Given that there's a DC switchover coming, we should fix that.


canary appservers codfw:

mwdebug2001 (row A, ganeti VM)
mwdebug2002 (row B, ganeti VM)
mw2163 (C3, physical)
mw2164 (C3, physical)
mw2271 (D3, physical)
mw2272 (D3, physical)

canary API appservers codfw:

mw2215 (A3, physical)
mw2216 (A3, physical)
mw2244 (A4, physical)
mw2245 (A4, physical)

Details

Related Gerrit Patches:

Related Objects

Event Timeline

Restricted Application added a subscriber: Aklapper. · View Herald TranscriptJan 13 2020, 1:55 PM
Dzahn added a subscriber: Dzahn.Jan 13 2020, 7:34 PM

Change 564175 had a related patch set uploaded (by Dzahn; owner: Dzahn):
[operations/puppet@production] define 2 API appservers per row in codfw as canary API appservers

https://gerrit.wikimedia.org/r/564175

MoritzMuehlenhoff triaged this task as Medium priority.Jan 14 2020, 10:27 AM
jijiki added a subscriber: jijiki.Jan 16 2020, 12:47 PM

Yeah, we need at least a total of 4 api and 4 app canary servers in codfw. In eqiad our canary app (5) and api (4) servers are in the same rack actually, we can spread them a bit when we install the new servers

Agreed, I think for our uses of the canaries, rack redundancy is not a must, but would still be nice to have when re-adding canaries to codfw.

Change 564175 merged by Dzahn:
[operations/puppet@production] define 2 API appservers per row in codfw as canary API appservers

https://gerrit.wikimedia.org/r/564175

Dzahn added a comment.Wed, Feb 5, 7:06 PM

The following are now declared canary API appservers in site.pp:

mw2215, mw2216 (rack A3)

mw2244, mw2245 (rack A4)

Change 570405 had a related patch set uploaded (by Dzahn; owner: Dzahn):
[operations/puppet@production] site: define 2 codfw appservers as canary_appservers

https://gerrit.wikimedia.org/r/570405

Dzahn updated the task description. (Show Details)Wed, Feb 5, 7:27 PM

Change 570405 merged by Dzahn:
[operations/puppet@production] site: define 2 codfw appservers as canary_appservers

https://gerrit.wikimedia.org/r/570405

Mentioned in SAL (#wikimedia-operations) [2020-02-06T22:13:40Z] <mutante> turning mw2271 and mw2163 into canary appservers for codfw, this adds mediawiki-testers shell users and removes scap sql scripts, rest stays as is (T242606)

Dzahn updated the task description. (Show Details)Thu, Feb 6, 10:20 PM
Dzahn added a comment.Thu, Feb 6, 10:22 PM

mw2163 and mw2271 have been turned into canary appservers now.
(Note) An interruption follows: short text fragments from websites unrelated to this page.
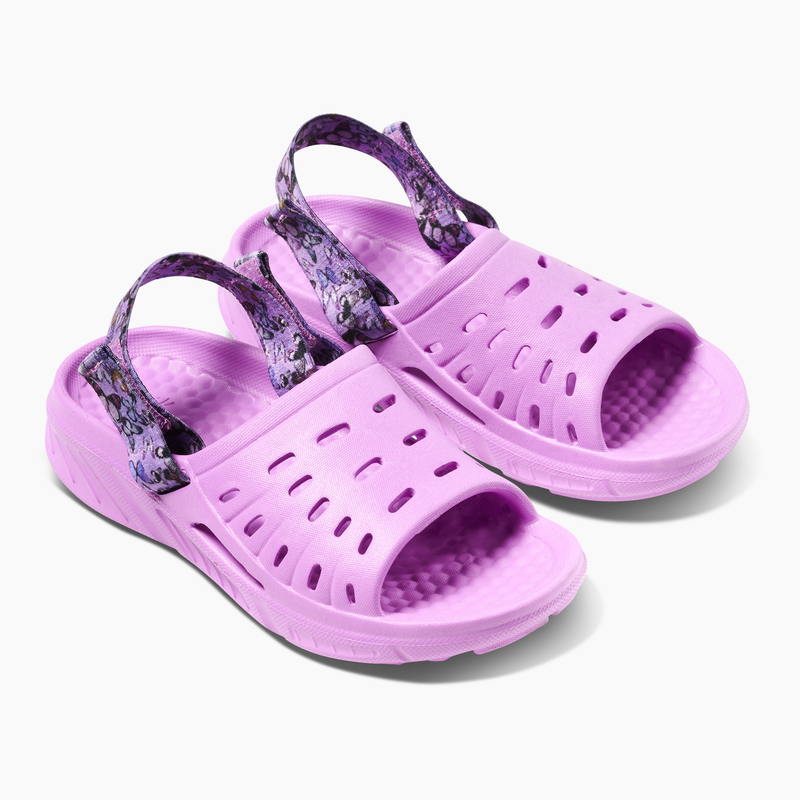 Joybees Kids Trekking Slides Clogs Sandals In Solid Lavender Rose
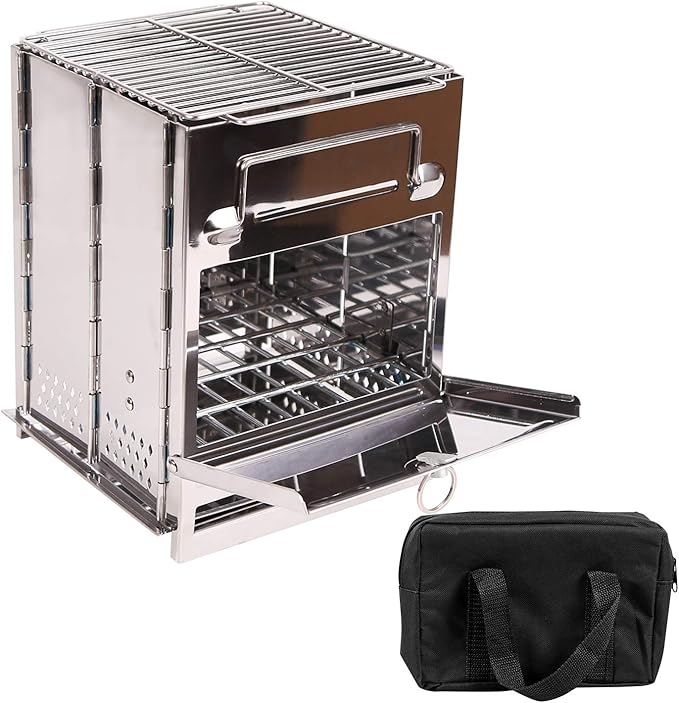 Large Portable Folding Camping Wood Stove for Outdoor Cooking, Sturdy Lightweight 304 Stainless Steel Wood Burning Camp Stove with Grill for Backpacking BBQ Silver
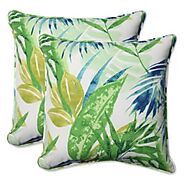 Set of 2 Green and Blue Floral Outdoor Patio Square Throw Pillows 16.5″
As opposed to canary API appservers this means actual puppet changes which are:

  • mediawiki-testers shell access group gets added
  • scap sql scripts get removed
  • nginx, keepalive-requests value changes from 100 to 1000

Together with existing mwdebug2001 and mwdebug2002 this makes it 4 as well.

Is this resolved or would you really like them reimaged as mwdebug2003 and mwdebug2004 ?
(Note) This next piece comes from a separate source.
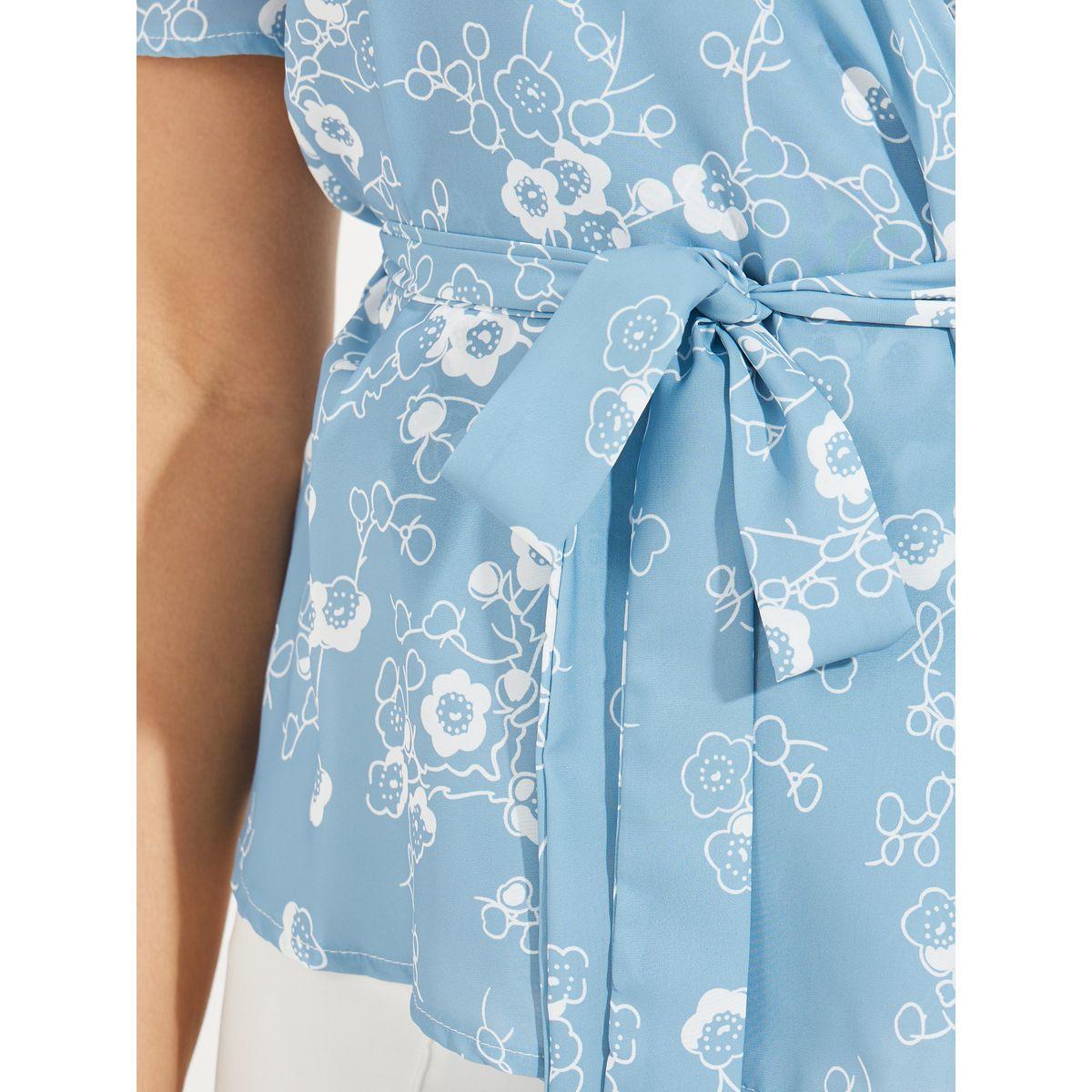 Styli Floral Print Wrap Top with Waist & Sleeve Tie Detail-women-clothing-shirtsandblouses-blouses-image-3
Dzahn added a comment.Thu, Feb 6, 10:23 PM

@jijiki What do you think ? Is this good now? 4 of each type and in different rows/racks.

Given we have 5 canary appservers in eqiad + 2 debug servers, I would recommend we add another 2 in codfw

@jijiki Don't we have mwdebug2001 and mwdebug2002 in codfw too?

jijiki added a comment.EditedFri, Feb 7, 10:42 AM

@Urbanecm they do not get user traffic, so they are good enough for testing, but not good enough for canary deloys. When we switch to codfw, we will need them.

Is that different from what eqiad debug servers do? I'm trying to understand why you said "Given we have 5 canary appservers in eqiad + 2 debug servers" (emphasis mine).

@Urbanecm yes, so that is a total of 7 canary app servers in eqiad, of which 5 get real user traffic. Since we will be switching to codfw, it makes sense to have a similar setup in codfw.

Change 571366 had a related patch set uploaded (by Dzahn; owner: Dzahn):
[operations/puppet@production] site: define 2 more canary appservers in codfw

https://gerrit.wikimedia.org/r/571366

Change 571366 merged by Dzahn:
[operations/puppet@production] site: define 2 more canary appservers in codfw

https://gerrit.wikimedia.org/r/571366

Dzahn updated the task description. (Show Details)Mon, Feb 10, 10:37 PM
Dzahn updated the task description. (Show Details)

@jijiki @Urbanecm

I added 2 more canary appservers. now we have:

mwdebug2001 (row A, ganeti VM)
mwdebug2002 (row B, ganeti VM)
mw2163 (C3, physical)
mw2164 (C3, physical)
mw2271 (D3, physical)
mw2272 (D3, physical)

canary API appservers codfw:

mw2215 (A3, physical)
mw2216 (A3, physical)
mw2244 (A4, physical)
mw2245 (A4, physical)
jijiki closed this task as Resolved.Thu, Feb 13, 7:16 PM
jijiki claimed this task.

thank you daniel!